Encoding error while reading databaseSee original GitHub issue
Hi, I am experiencing an encoding error while reading calima_star database in a Windows environment, and that is due to the fact that database.py relies on default encoding:
with open(fpath, 'r') as dbfile:
Then, if I try to
db = CalimaStarDB.builtin_db(), it will raise an UnicodeError for the database is in UTF-8 (I guess), and Python default encoding in Windows is that of the computer language (mine, CP1252). Is there any way I could specify the encoding while reading the builtin_db?
If I replace that line at database.py to the one below, the error will be fixed, but that is not straightforward since I intend to making camel_tools pip installable through requirements.

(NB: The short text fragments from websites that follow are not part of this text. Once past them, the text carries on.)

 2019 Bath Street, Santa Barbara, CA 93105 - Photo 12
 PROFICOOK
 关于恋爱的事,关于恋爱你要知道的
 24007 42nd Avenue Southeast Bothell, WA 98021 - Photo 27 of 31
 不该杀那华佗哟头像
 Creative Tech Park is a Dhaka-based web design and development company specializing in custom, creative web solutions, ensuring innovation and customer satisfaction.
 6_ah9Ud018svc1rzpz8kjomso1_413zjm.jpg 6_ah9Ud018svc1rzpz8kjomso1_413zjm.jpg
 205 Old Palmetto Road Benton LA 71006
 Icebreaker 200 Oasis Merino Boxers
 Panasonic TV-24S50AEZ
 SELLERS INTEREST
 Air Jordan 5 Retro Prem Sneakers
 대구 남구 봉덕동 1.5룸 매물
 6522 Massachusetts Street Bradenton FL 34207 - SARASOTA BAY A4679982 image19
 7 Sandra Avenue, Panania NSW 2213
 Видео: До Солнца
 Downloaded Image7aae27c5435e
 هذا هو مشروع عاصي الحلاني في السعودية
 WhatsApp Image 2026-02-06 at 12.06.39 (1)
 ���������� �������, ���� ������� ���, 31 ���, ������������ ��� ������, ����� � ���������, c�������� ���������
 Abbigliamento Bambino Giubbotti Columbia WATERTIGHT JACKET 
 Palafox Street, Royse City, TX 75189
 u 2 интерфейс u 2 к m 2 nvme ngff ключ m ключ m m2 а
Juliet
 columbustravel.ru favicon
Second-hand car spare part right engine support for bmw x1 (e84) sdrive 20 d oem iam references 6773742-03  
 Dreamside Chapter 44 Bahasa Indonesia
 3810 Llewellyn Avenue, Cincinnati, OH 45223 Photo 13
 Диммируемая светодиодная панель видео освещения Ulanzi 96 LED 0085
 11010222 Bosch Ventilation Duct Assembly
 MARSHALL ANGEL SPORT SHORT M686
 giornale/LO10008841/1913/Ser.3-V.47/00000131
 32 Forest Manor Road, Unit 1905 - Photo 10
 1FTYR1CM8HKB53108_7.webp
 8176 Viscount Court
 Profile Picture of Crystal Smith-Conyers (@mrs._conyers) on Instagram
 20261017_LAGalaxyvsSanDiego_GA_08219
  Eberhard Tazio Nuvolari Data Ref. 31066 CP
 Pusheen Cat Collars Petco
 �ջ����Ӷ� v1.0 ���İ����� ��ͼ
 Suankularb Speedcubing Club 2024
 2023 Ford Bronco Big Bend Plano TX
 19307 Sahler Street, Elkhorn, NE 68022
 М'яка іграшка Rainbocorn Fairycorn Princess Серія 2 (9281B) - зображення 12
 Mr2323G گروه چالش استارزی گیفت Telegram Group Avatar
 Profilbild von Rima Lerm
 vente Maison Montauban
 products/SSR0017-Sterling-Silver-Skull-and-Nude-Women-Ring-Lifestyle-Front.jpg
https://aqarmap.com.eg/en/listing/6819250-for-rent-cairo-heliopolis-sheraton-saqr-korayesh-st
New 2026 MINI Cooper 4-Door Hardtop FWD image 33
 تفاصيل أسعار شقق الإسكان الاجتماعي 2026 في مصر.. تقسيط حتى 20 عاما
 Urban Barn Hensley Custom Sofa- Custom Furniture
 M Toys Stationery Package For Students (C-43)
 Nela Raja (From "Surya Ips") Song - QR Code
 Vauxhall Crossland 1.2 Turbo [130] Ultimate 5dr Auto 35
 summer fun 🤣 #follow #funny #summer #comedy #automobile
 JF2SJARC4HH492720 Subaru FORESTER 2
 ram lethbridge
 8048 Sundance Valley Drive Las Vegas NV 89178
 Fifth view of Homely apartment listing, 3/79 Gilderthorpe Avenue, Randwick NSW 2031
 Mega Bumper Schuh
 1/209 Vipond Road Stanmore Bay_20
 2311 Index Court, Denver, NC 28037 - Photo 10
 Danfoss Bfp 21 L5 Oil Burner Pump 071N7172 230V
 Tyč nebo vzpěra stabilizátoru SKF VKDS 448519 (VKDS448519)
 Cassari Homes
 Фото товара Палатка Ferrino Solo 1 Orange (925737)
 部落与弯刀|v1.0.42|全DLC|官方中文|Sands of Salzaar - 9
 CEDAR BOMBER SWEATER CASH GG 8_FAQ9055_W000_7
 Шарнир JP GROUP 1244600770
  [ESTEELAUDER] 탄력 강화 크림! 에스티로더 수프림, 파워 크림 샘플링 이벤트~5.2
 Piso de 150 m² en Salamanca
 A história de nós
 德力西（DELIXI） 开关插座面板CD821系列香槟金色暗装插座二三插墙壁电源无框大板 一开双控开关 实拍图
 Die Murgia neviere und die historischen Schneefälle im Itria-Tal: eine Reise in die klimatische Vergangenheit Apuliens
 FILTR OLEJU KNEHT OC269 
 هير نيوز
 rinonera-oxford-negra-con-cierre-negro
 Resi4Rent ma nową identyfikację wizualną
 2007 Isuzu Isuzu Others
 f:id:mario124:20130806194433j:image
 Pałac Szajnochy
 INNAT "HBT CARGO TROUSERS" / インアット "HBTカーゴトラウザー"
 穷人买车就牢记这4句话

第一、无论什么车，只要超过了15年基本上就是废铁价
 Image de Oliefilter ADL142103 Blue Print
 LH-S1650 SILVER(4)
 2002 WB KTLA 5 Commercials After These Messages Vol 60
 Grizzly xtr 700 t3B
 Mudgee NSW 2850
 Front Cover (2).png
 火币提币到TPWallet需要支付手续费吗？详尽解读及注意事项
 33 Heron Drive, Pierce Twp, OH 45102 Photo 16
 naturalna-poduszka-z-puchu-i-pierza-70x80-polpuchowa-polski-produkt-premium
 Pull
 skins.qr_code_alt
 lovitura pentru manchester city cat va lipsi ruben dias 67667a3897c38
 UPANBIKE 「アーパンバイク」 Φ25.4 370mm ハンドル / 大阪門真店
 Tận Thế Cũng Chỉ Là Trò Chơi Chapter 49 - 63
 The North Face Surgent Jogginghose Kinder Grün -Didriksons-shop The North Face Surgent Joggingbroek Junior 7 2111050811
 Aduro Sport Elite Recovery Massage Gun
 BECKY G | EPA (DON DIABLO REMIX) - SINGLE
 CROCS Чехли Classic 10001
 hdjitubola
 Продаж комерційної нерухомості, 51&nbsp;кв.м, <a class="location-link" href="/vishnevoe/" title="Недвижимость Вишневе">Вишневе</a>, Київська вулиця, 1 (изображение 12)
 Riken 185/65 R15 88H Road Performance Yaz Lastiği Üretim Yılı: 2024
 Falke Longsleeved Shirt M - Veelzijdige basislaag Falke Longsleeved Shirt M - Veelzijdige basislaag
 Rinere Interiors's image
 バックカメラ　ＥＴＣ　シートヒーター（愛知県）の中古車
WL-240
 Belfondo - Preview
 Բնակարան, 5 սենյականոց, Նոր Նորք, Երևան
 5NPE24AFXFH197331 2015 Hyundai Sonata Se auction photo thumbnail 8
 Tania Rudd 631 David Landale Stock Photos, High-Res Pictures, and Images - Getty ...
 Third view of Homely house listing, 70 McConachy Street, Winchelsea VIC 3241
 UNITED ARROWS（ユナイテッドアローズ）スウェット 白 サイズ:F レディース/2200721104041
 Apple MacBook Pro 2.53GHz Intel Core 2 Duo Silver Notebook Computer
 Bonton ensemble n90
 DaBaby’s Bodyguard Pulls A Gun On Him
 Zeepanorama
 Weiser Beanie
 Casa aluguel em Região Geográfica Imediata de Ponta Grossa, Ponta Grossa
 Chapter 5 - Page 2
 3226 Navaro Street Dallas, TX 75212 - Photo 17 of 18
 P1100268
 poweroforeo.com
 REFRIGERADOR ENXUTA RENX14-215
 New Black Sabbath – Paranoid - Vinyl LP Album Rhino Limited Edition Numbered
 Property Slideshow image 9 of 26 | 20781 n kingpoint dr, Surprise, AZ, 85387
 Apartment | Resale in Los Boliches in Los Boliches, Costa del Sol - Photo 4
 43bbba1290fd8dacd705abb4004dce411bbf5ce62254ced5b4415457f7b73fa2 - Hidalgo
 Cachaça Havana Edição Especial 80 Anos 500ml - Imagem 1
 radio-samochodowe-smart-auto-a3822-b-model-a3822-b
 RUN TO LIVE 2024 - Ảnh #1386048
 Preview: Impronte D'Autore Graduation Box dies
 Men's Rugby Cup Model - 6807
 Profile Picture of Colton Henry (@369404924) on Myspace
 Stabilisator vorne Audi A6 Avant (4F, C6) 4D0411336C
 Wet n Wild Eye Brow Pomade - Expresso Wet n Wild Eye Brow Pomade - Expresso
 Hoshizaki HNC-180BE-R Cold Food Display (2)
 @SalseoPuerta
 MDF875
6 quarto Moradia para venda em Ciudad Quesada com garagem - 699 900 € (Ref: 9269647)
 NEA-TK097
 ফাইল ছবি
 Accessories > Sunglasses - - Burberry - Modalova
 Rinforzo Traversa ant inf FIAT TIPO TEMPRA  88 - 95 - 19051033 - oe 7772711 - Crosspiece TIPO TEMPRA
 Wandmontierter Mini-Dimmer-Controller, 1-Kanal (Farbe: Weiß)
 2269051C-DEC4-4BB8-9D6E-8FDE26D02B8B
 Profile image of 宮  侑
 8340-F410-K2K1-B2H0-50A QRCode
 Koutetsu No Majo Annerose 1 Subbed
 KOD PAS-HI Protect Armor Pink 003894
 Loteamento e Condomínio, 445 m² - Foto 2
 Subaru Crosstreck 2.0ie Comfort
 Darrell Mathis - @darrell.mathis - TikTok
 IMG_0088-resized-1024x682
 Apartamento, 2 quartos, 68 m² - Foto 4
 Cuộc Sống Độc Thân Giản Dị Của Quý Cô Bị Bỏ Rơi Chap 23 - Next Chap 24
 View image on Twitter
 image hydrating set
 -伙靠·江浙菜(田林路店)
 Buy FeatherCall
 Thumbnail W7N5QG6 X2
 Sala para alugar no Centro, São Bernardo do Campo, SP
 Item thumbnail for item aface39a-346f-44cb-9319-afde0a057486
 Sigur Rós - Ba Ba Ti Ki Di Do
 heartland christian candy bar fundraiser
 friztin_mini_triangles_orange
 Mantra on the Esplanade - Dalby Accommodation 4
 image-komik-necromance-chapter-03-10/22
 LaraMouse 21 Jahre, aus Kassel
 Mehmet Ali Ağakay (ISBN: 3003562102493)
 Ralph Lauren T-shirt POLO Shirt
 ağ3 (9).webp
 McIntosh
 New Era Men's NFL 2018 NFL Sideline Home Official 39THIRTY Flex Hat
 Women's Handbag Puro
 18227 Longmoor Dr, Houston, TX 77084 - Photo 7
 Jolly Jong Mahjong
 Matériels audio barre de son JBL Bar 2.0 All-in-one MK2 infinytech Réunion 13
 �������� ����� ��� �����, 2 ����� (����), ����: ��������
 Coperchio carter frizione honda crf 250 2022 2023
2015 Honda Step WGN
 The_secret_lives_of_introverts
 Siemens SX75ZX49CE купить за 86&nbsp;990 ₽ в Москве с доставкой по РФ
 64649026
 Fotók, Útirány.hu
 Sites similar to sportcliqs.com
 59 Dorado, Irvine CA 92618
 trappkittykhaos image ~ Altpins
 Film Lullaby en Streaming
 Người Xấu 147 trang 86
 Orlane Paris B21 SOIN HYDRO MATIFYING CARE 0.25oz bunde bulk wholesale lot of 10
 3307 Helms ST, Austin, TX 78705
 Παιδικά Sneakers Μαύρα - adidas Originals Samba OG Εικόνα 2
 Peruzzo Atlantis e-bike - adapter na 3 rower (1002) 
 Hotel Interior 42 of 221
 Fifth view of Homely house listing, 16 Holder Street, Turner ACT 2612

with open(fpath, 'r', encoding="utf-8") as dbfile:
Thanks in advance
- Created 3 years ago
Top GitHub Comments
Just a quick update.
So camel-tools should be installable on plain Windows now through the master branch. I’ve added installation instructions. However, dialectid will not be available.
Also, camel_tools.calima_star is now camel_tools.morphology (this was the breaking changes I mentioned). The usage is almost the same other than things being renamed (CalimaStarDB -> MorphologyDB, CalimaStarAnalyzer -> Analyzer, etc). Just take a look at the docs to see what changed.
A pip release should be coming in the next couple of weeks or so once everything else is stabilized.
Will it be available in the “pip” install in the future?
Yes and no.
"encoding=utf-8" will be present in a future version on pip. However, like I mentioned before, there will be breaking changes in the API you’ll need to account for. No, it will not be installable on “plain” Windows for the foreseeable future because of the issues I mentioned in my last response.
However, I will consider with the team if we should have an option to install just the components that will work on a “plain” Windows setup. This means that users won’t have access to the Dialect Identification system (perhaps other components as well). The analyzer alone should work on a plain Windows setup without issues.
It will be some time from now before a new pip version is released, so please keep an eye out (you can also fill out the form in the README to get an email when the next version is released).